I was wondering if I could heat the water in my swimming pool using the heat in the house's attic and I started messing about with a large <s>heatsink</s> thermal battery. The water for my hotwater heater has to pass through it and picks up free calories which saves on the power bill quite a bit of the year. Even on winter days it adds some heat to the water and every calorie free is one I am not paying for...

http://senseless.livejournal.com/152881.html

STEP 1: Make a Big Box.

I was worried about condensation on the pipes and also concerned about freezing even though I live in Florida so I decided to try a large box of sand. I used about two cubic yards and mixed it with two sacks of mortor mix to prevent it from turning into a giant hourglass. In the event the house is knocked down in a hurricane, it will just crumble and that will be one less thing I have to clean up.

STEP 2: Stick in Some Pipe

I tried CPVC first because it was easy.

STEP 3: CPVC Has a Surprisingly High R-Value

I began to experiment and after modifying a large tank I began to circulate hot water to try and warm the box of sand. After burning everything I could find, I began to realize that for the water to run in hot and back out hot and the sand to remain cool I was not transferring any heat.

STEP 4: Boyle's Law

I forgot to keep an eye on it and add water. When the water got low enough for it to start circulating steam instead of liquid, the pressure spiked and it made a very loud noise.

The sand was still cool...

STEP 5: Never Fear!

Just make it bigger.

I added 150 feet of 3/4 copper tubing primered and painted to protect agaisnt corosion.

This doubled the original size of the experiment but it began transferring heat.

STEP 6: Let It Warm Up

There is enough mass so that the tempurature will only swing up or down a few degrees a day, so in the summer it averages about 90 to 100 degrees. In spring ,fall and most of the winter it is still above the tempurature of the well water, so it is stil benificial.

STEP 7: Go Around It in the Cold

I can open an irrigation valve and bypass the water around the box if it ever gets colder than the well water here. I'll use a sensor in the box to open the valve, otherwise it is shut by default.

STEP 8: The End

It won't supply all my hotwater, but it does contribute and there is nothing to maintain and not likely to cause a roof leak.

73 Comments

hey some one may want to go with PEX Tubing. its very cheep, and flexible. find the right wholesaler and get 500 Ft of 3/8 for under 50 bucks.
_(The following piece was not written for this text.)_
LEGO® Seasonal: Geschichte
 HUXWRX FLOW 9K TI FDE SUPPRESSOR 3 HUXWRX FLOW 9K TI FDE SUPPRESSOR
Many sizes. with easy to use quick connect fittings. I use it at work everyday. makes life easy. I can find out what website we use if any one is interested.
Interested in your supplier. Need to replumb whole house and putting some solar water heating in while we're at it seems smart.
G.A. Murdock. Quality products. Been using them for 3 years now. Good luck
Would Vermiculite work in the place of sand?
I like Tdrago's idea with the truck rads!! Do you brainiacs think that lengths of PVC piping in an attic would perform as well? Maybe strapped to the underside of the roof joists for maximum heat. Maybe not here in Canada, but for the southern states, I think it would be a lot less building and weight in the attic.
The pipes would get covered in condensation and drip into the attic but yes it would work during the day.  The idea with the sand was to both store heat for use at midnight and to avoid forming puddles in the attic.

Next I'm going to try using two or three 40 gallon well tanks buried in the sand. I'm not getting as much heat transfer as I'd like with 300 feet of pipe, the water passes through it too quickly.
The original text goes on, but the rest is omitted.